It's neat. I wonder about what other kinds of tasks we could improve AI performance at by scaling time and money (which, in the grand scheme, is usually still a bargain compared to a human worker).

By jjmarr 2026-02-267:043 reply

I created a code review pipeline at work with a similar tradeoff and we found the cost is worth it. Time is a non-issue.

We could run Claude on our code and call it a day, but we have hundreds of style, safety, etc rules on a very large C++ codebase with intricate behaviour (cooperative multitasking be fun).

So we run dozens of parallel CLI agents that can review the code in excruciating detail. This has completely replaced human code review for anything that isn't functional correctness but is near the same order of magnitude of price. Much better than humans and beats every commercial tool.

"scaling time" on the other hand is useless. You can just divide the problem with subagents until it's time within a few minutes because that also increases quality due to less context/more focus.
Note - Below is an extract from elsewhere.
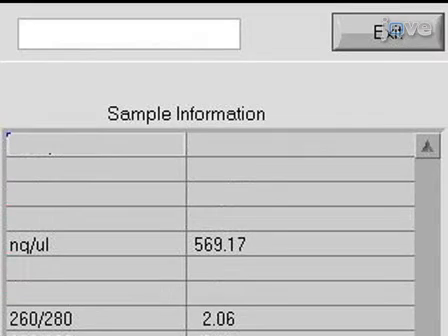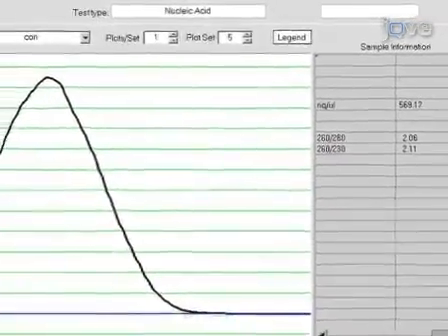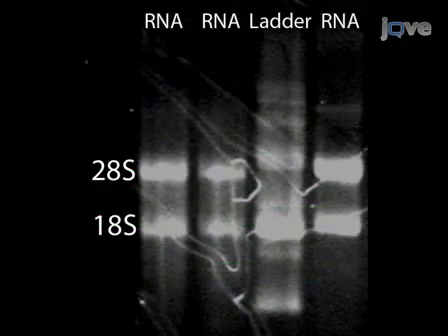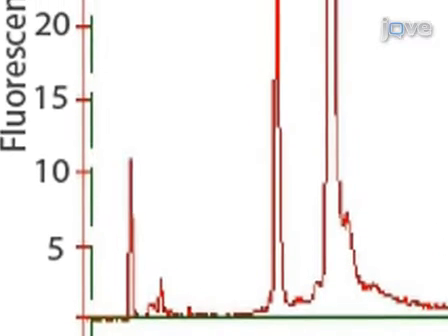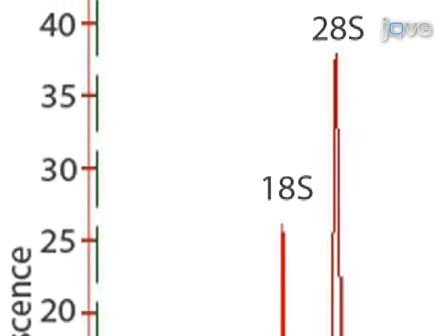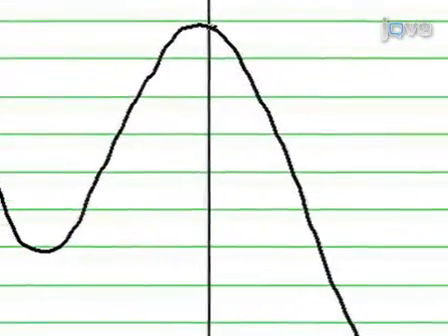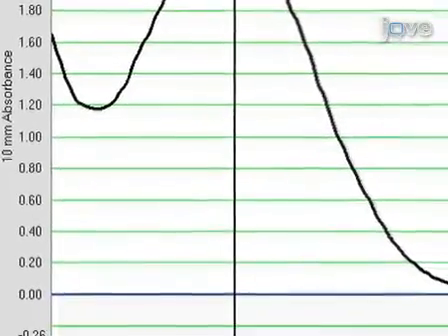Extraction and clean-up of RNA from 50 zebrafish embryos routinely yields approximately 15 micrograms of high-quality total RNA, as assessed using a NanoDrop ND-1000 spectrophotometer. The 260 to 280 absorbance ratio is around 1.9 to 2.0. The integrity of the extracted RNA is evaluated using a denaturing RNA gel, where the RNA appears as a smear with two bright bands corresponding to 18S and 28S ribosomal RNA. The 28S band should be approximately twice as intense as the 18S band. Alternatively, RNA integrity is evaluated using an Agilent 2100 Bioanalyzer, where two sharp peaks corresponding to the 18S and 28S ribosomal RNA are visible and the 28S peak should be larger than the 18S peak. Reverse transcription of 5 micrograms of total RNA routinely yields 1 to 2 micrograms of cDNA, with a 260 to 280 absorbance ratio of around 1.8.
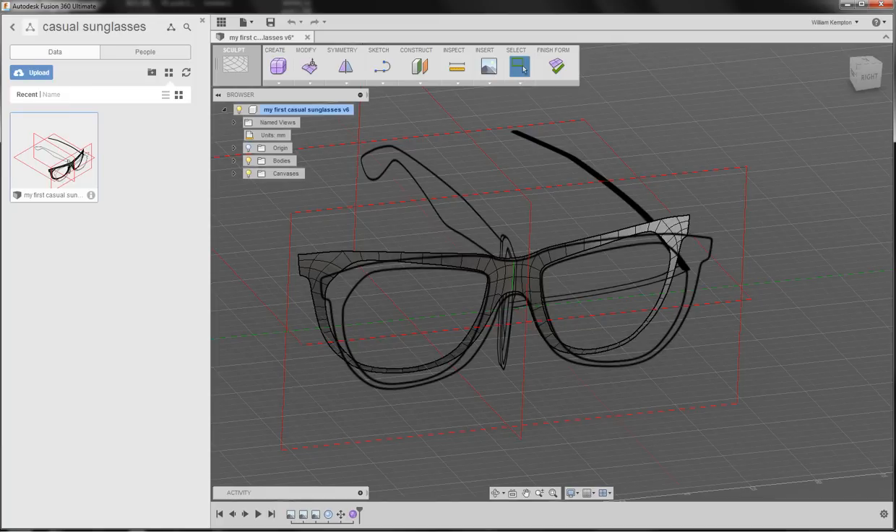In this second video we're going to be adding some thickness to the surface as well as making the temples that go back and hold the glasses to the head. I'm going to be adding thickness within the sculpt mode. I could be doing it through modeling and making a parametric thickness, but I want to make the whole glass within the sculpt mode.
By aktau 2026-02-2613:393 reply

Any LLM-based code review tooling I've tried has been lackluster (most comments not too helpful). Prose review is usually better.

> So we run dozens of parallel CLI agents that can review the code in excruciating detail. This has completely replaced human code review for anything that isn't functional correctness but is near the same order of magnitude of price. Much better than humans and beats every commercial tool.

Sure, you could make multiple LLM invocations (different temporature, different prompts, ...). But how does one separate the good comments from the bad comments? Another meta-LLM? [1] Do you know of anyone who summarizes the approach?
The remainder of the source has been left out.